Si stabilisce ad esempio che gli animali devono essere custoditi in luoghi idonei alla loro natura, con modalità tali da assicurare adeguate condizioni di sicurezza, spazio, temperatura, ventilazione ed illuminazione: vengono dettata disposizioni precise e rigorose per il loro trasporto, sui mezzi pubblici.

Infine il regolamento della regione Toscana introduce specifici obblighi a carico dei proprietari, di disporre di spazi adeguati per il riposo degli animali, anche nel caso in cui si tratti di commercio in forma ambulante.
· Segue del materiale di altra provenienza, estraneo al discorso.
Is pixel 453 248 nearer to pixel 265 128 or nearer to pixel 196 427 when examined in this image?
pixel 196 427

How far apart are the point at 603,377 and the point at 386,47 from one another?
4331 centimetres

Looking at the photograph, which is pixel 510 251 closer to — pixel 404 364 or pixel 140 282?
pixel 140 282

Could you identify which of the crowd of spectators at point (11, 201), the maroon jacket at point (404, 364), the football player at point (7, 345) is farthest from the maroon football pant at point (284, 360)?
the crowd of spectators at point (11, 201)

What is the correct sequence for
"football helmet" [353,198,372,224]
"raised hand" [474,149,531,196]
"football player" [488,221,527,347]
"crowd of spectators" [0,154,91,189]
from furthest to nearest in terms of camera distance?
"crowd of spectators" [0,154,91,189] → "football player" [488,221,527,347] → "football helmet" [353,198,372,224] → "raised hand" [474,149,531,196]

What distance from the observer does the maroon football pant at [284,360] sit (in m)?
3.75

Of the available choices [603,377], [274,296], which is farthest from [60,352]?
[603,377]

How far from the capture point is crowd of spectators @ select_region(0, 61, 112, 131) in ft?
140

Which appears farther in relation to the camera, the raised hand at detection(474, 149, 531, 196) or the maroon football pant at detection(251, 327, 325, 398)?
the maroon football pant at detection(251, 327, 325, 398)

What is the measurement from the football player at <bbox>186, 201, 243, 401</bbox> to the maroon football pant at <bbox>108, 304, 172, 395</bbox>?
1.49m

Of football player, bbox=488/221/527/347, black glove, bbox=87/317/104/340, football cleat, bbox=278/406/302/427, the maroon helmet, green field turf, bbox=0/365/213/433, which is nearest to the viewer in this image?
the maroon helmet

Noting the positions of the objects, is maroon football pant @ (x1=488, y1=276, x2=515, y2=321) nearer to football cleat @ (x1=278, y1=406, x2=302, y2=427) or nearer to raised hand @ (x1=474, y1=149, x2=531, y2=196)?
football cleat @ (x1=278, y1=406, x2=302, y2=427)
Le nuove disposizioni definiscono gli spazi minimi all’interno dei quali devono essere custoditi gli animali, così da garantire loro la libertà di movimento.
A titolo di esempio, non sarà più consentita la permanenza di cani e gatti negli esercizi commerciali fissi o ambulanti per più di trenta giorni: nel caso di impiego degli animali in manifestazioni storiche o culturali, deve essere garantito un adeguato servizio di assistenza veterinaria di pronto intervento.
Ultimo elemento, il Regolamento fissa chiaramente le procedure relative all’anagrafe canina ed i requisiti necessari per l’accreditamento dei canili sanitari e dei canili rifugio. Insomma uno strumento che si spera possa essere efficace e punto di riferimento per tutti coloro che hanno o sono intenzionati ad avere un animale domestico.